How sentimental have I become?! I don’t know, maybe life just turned out my mindset and lifestyle to this direction. So much have happened in this month. Good, bad – everything. I now realise how much every single month gives to me. Maybe every single day is a lesson, but when when you think that way is hard to see what have happened to you. When I was trying to imagine this month I saw, imagined this month totally different. It`s right when people say you are planning and someone above you is laughing at you and your plans. And that totally happened to me.

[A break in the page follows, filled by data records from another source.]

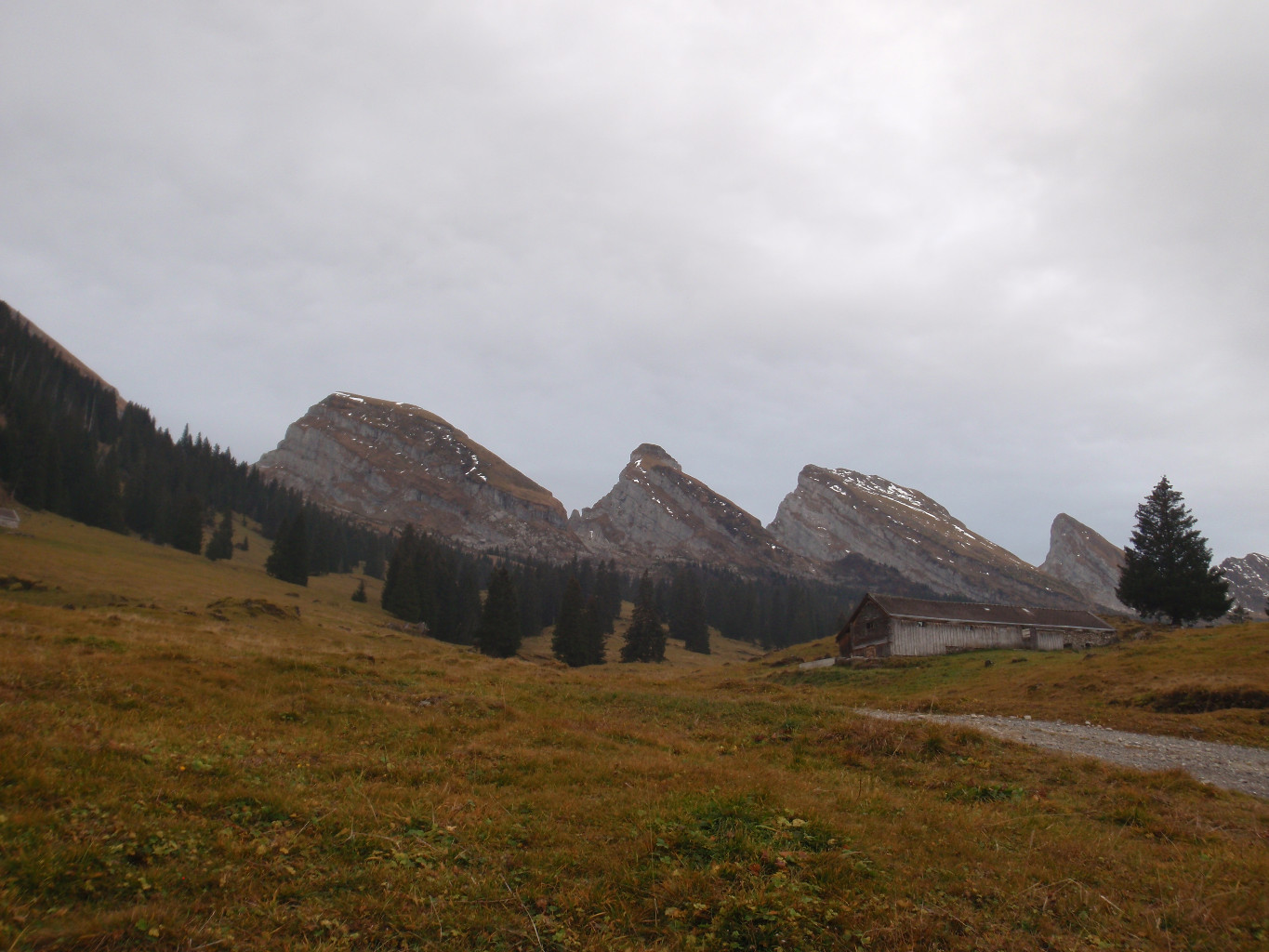 Churfirsten avec Frümsel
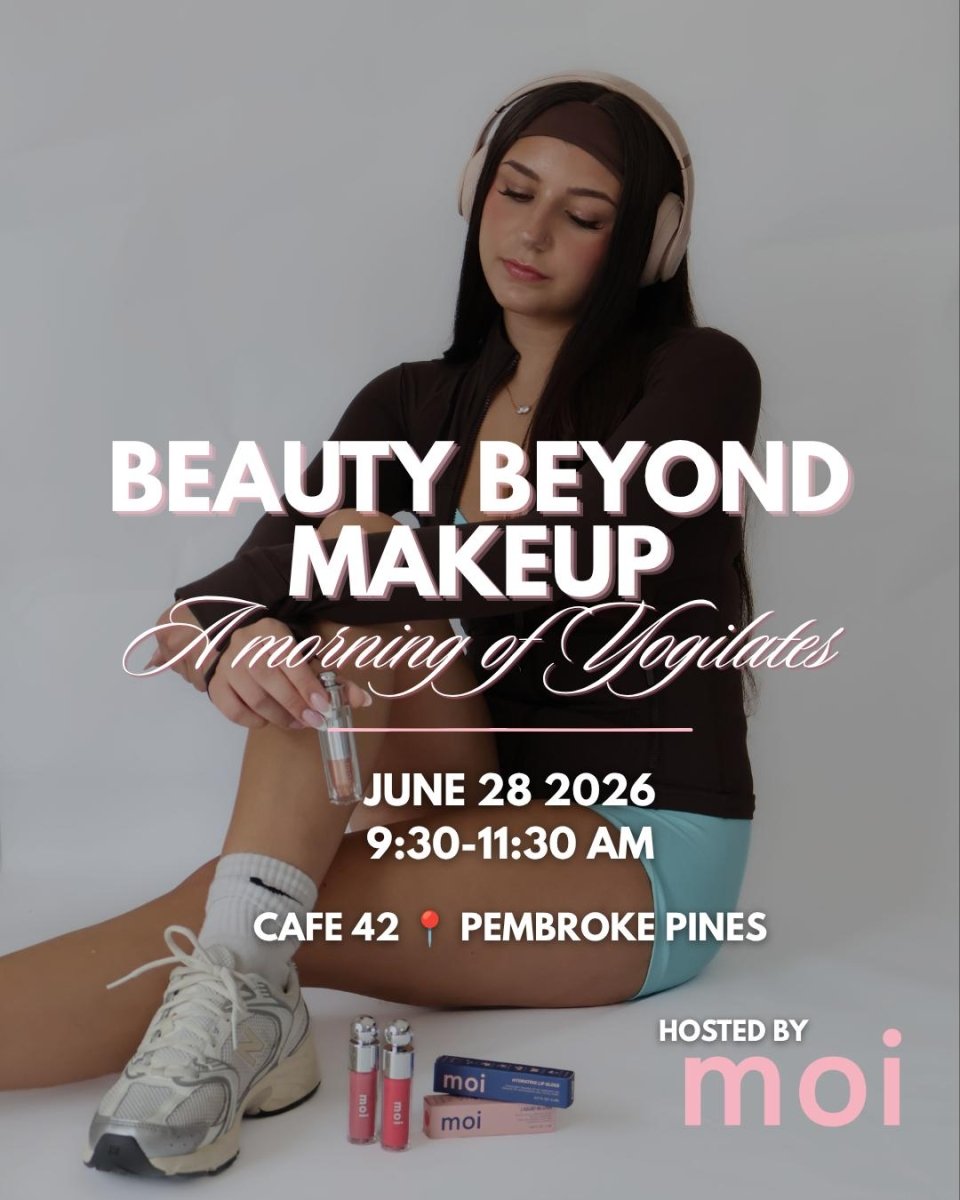Beauty Beyond Makeup: Yogilates with Moi Beauty - Moi Beauty by You Cosmetics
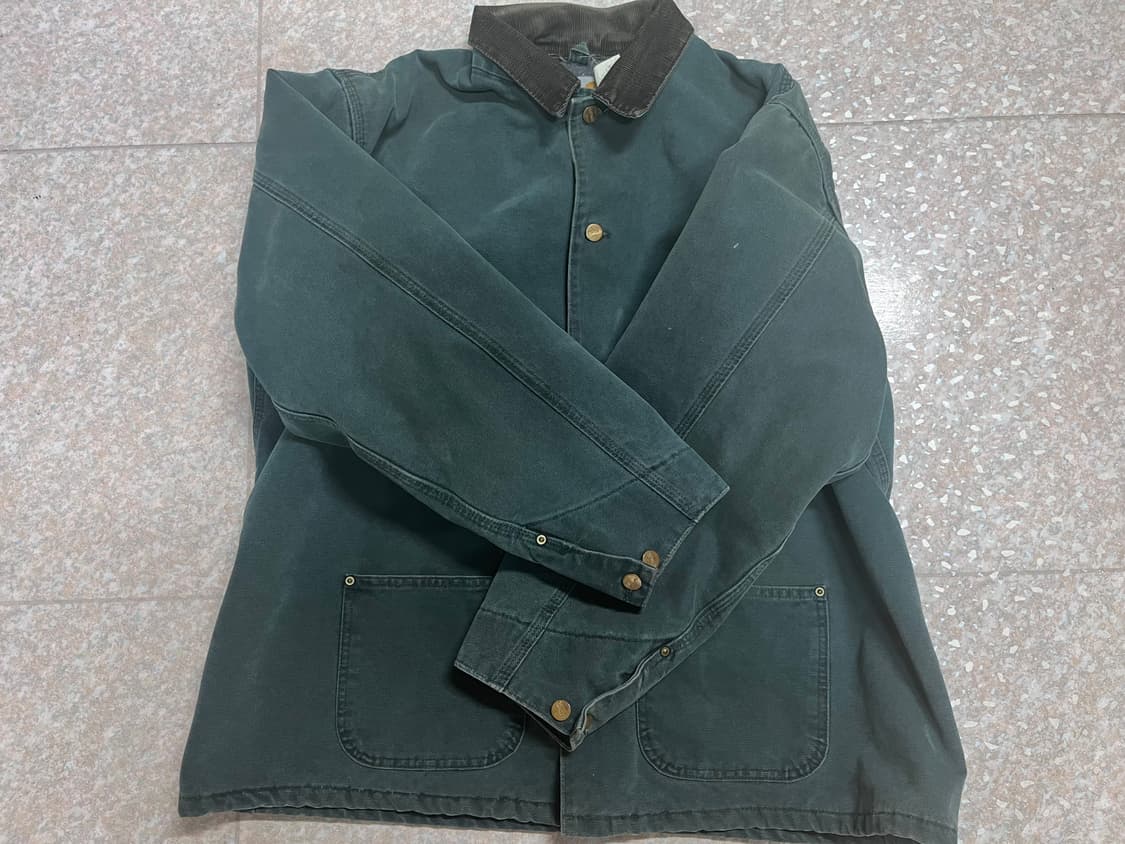 칼하트 초어코트 c02 헌터그린 상품이미지3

This month, March, is really important and memorable month for me. From my young days this month has meaning to me and with years this meaning has gotten bigger purpose to my growth as a person, young adult. This month has always symbolised me joy, family support, happiness. This is the month that my dad celebrates his birthday, shortly after that, my cousin celebrates his birthday and day after I celebrate my owns. When my parents left me, March was the month they would back, right before my birthday. I remember how I used to count the days till their comeback. Of course when I was younger, back to the teenager days, I was striving for material things, so it was important for me to get the ”amazing,expensive” gifts. Gifts was important for me. And then the last bit from this was family gathering. I used to be really shy as a kid, later-teenager, so family events was not my thing, but I enjoyed to see all these faces that I had missed. Now, when I remember for what I was waiting and how I cherished that time, makes me kinda angry, but on the other hand I can understand why I acted like that. The people who surrounded me was driven by material things and my young head thought that this is the only way to live. Just caring about material things. I used to be so obsessed about it that after getting what I wanted, 5 seconds after unpacking it I would post picture on instagram for everyone to see. It’s funny, because now I have deleted posts on that page and I’m kinda absent from all social media platforms and it just makes me so shameless, like how could I post that?! Maybe that’s a teenager ”thing” to do, but it makes me cringe a little bit, when I found a grown up women’s instagram where all her posts is just the expensive things and all that. I understand the fact, of showing off, but seeing women in her thirties and posting pictures like that constantly is just funny to me. But post, what you want is a free world and do what you like to.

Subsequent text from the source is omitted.